A collaborative research team, led by Dr Shieak Tzeng from the University of Otago, Wellington, has recently received funding to develop a portable device to monitor the brain's metabolism.
The device will allow clinicians to assess the brain's metabolic activity and will greatly improve how brain injuries are managed.
The brain is very sensitive to the effects of oxygen starvation. Even brief periods of inadequate blood flow can lead to death or permanent disability. The direct and indirect costs of hypoxic brain injury due to stroke and brain trauma are estimated to exceed $700 million by 2015.
When brain oxygenation is compromised, clinicians almost always rely on crude proxy measures such as blood pressure or peripheral oxygen levels to guide therapeutic interventions.
“We will combine technological innovation, bench top simulation, and preclinical modelling to develop technologies that can monitor the brain's health,” Dr Tzeng says.
The project includes a range of collaborators from the MacDiarmid Institute for Advanced Materials and Nanotechnology, and the School of Engineering and Computer Science, at Victoria University of Wellington, to other organisations within physics, physiology, biomedical engineering and critical care.

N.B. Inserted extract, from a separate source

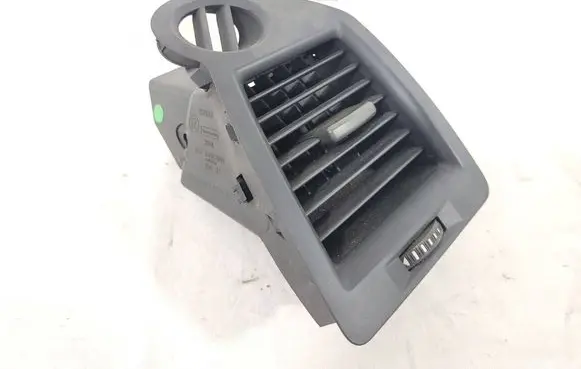 Renault Megane II Dashboard side air vent grill/cover trim 31959X A1007010 7104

In 2013 the University of Otago, Wellington set up the Centre for Translational Physiology - a central facility for speeding up the transfer of clinically relevant science.

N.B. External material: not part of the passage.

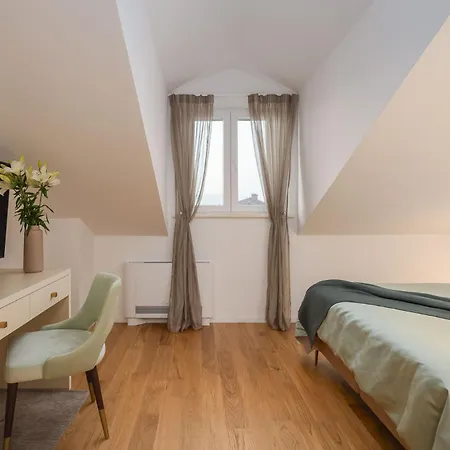Luxury Seafront Castello With Heated Pool & * רוגוזניצה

“The Centre for Translational Physiology allows us to jump into other worlds to solve clinical problems such as this one,” Dr Tzeng says.

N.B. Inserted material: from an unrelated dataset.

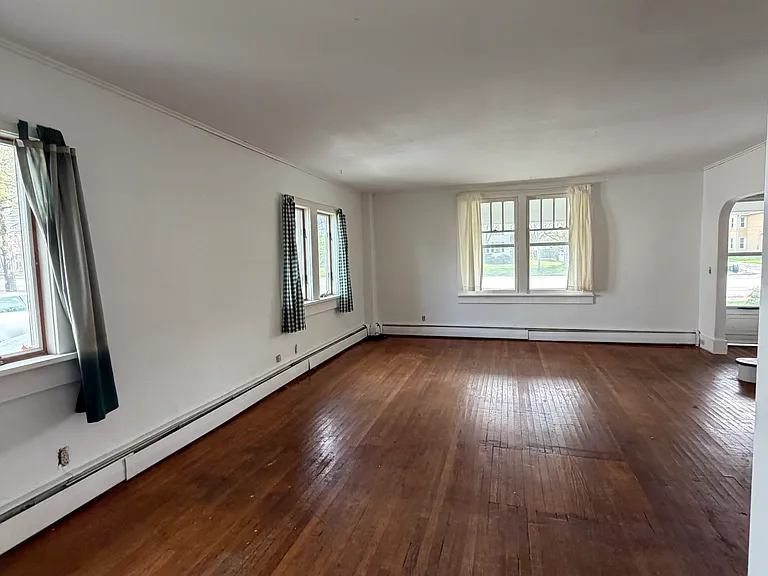366-68 N Main St #1 — Photo 2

This project was one of five innovative University of Otago-led research programmes backed with new science investment funding announced by the Government recently.
Supported by the Smart Ideas funds administered by the Ministry of Business, Innovation & Employment, the project is one of five innovative University of Otago-led programmes. They are part of a pool of 48 new science research programmes awarded to 15 different research organisations with total investment of $96.5 million.